Sunday, April 19, 2020


PHENOMENALITY: *marvelous*

Though in 1956 Edward L. Cahn directed one of the better B-monster-flicks of the decade in THE SHE CREATURE, his execution of VOODOO WOMAN the next year makes it seem likely that Lou Rusoff’s script did all the heavy lifting. This time, the writing-team of Russell Bender and V.I. Voss whipped out a knock-off of SHE CREATURE, even to the extent of re-using two of the earlier film's main actors, and Cahn did nothing more than crank the camera and cash his check.

Marla English, the former She Creature, plays the titular “Voodoo Woman,” though she starts out as Marilyn, a hard broad from the States. She and her equally crooked boyfriend somehow wind up in Africa, and like hundreds of scheming white people before them, they’re on the hunt for tribal gold. However, the primitive African tribe just happens to have its own resident mad scientist. In SHE CREATURE, Chester Morris played the over-reaching researcher, while Tom Conway essayed a support-role. This time out, Conway gets the dubious privilege of playing the guy who brings out the monster in the maiden. However, whereas Morris’ Doctor Lombardi justified his project in terms of evolution and reincarnation, Conway’s Doctor Gerald quests after his “voodoo woman” because—well, the script says that’s what he does.

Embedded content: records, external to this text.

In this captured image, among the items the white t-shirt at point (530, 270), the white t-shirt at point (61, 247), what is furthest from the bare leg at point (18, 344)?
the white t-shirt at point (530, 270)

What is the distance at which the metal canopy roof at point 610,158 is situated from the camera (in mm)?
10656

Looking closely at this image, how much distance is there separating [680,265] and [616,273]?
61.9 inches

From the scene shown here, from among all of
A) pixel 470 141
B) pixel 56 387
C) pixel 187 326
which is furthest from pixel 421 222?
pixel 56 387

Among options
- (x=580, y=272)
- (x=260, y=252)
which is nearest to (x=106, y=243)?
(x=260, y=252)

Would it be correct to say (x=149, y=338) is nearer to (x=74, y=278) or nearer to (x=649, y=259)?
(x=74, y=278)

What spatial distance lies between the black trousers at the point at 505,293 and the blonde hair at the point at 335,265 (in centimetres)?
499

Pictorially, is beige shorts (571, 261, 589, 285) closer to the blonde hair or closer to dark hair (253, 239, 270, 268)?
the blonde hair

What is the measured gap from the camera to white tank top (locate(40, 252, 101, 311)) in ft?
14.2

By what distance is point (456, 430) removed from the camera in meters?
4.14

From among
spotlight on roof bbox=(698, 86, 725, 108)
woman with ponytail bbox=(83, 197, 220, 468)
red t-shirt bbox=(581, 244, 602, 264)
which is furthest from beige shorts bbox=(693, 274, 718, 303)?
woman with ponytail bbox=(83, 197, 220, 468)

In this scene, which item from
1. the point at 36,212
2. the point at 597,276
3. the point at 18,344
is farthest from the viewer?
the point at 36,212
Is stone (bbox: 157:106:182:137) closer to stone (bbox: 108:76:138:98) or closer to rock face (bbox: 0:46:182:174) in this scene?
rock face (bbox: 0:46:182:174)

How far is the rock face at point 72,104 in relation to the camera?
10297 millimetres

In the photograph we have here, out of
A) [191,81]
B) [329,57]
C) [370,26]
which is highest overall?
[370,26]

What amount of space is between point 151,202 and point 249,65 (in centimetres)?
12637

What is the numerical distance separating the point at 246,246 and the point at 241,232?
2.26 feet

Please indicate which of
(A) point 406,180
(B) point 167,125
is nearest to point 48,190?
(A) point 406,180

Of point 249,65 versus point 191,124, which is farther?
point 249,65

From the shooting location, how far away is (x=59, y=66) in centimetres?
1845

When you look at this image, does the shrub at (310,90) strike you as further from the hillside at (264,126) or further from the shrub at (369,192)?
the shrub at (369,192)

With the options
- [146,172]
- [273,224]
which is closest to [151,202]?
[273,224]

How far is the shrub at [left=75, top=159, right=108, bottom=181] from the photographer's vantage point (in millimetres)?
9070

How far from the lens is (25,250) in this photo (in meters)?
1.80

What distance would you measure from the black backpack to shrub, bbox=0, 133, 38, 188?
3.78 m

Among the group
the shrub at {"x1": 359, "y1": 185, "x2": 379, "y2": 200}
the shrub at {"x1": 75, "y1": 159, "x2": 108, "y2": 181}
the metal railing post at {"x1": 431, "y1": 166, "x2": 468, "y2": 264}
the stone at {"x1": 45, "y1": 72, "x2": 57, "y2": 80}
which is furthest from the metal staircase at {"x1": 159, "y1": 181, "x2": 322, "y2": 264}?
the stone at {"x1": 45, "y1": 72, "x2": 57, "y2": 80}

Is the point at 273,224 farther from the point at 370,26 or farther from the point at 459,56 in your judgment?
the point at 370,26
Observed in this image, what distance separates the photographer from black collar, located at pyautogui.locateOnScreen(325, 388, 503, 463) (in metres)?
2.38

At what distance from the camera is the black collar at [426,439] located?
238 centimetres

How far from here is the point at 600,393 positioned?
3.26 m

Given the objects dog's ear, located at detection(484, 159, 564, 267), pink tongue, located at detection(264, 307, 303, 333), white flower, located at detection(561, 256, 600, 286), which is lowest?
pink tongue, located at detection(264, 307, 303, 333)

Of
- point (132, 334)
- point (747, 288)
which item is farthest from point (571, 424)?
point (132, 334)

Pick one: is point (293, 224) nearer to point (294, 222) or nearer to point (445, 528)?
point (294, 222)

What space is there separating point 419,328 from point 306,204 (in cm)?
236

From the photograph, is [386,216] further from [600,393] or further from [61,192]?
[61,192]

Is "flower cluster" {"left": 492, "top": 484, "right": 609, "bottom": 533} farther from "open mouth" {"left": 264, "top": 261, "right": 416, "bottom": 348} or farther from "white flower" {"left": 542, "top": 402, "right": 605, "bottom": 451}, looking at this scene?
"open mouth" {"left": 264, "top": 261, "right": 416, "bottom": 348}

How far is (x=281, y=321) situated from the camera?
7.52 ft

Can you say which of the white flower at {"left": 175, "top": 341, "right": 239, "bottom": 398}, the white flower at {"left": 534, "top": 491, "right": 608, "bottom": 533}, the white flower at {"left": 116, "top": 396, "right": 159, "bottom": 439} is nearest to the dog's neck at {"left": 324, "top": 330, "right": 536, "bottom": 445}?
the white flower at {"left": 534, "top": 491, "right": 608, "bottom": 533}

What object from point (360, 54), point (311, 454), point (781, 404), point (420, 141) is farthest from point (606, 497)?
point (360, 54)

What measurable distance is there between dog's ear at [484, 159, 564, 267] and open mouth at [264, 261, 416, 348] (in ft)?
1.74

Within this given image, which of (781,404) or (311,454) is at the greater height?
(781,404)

For a production like this, no experienced viewer really expects the script to be accurate about voodoo, which only has very indirect roots in African religious practices. But one would think that even hacks trying to invoke “voodoo” for its buzzword value would come up with some supernatural menace that aligned with popular conceptions of the religion, even transplanted to Africa. Bender and Voss simply conjure up a tribe who happen to have some ritual that creates an invulnerable monster-woman, whose presence is somehow linked to a smoking hole in the ground. There’s no telling what Gerald thinks he’s going to do with this superwoman once he gets her, but he soon finds that the native women just don’t suit his vague purposes. He doesn’t seem to consider his wife as a possible subject, though there’s no love lost between them any more. Instead, when the two thieves show up, dragging along a local guide (Mike Connors) with them, Gerald decides that he’ll use Marilyn’s lust for gold to tempt her into becoming his experimental subject. She consents, and becomes a big black monster who eventually destroys the hubristic heel just as the She Creature killed her evil master. With the bad people out of the way, Gerald’s wife gets a chance at new romance with Connors’ noble guide.

The talky script insures that there’s nearly no action to get in the way, and though Conway and Connors submit decent performances of their crappy characters, the movie’s only saving grace is English’s portrait of hard-bitten dame Marilyn.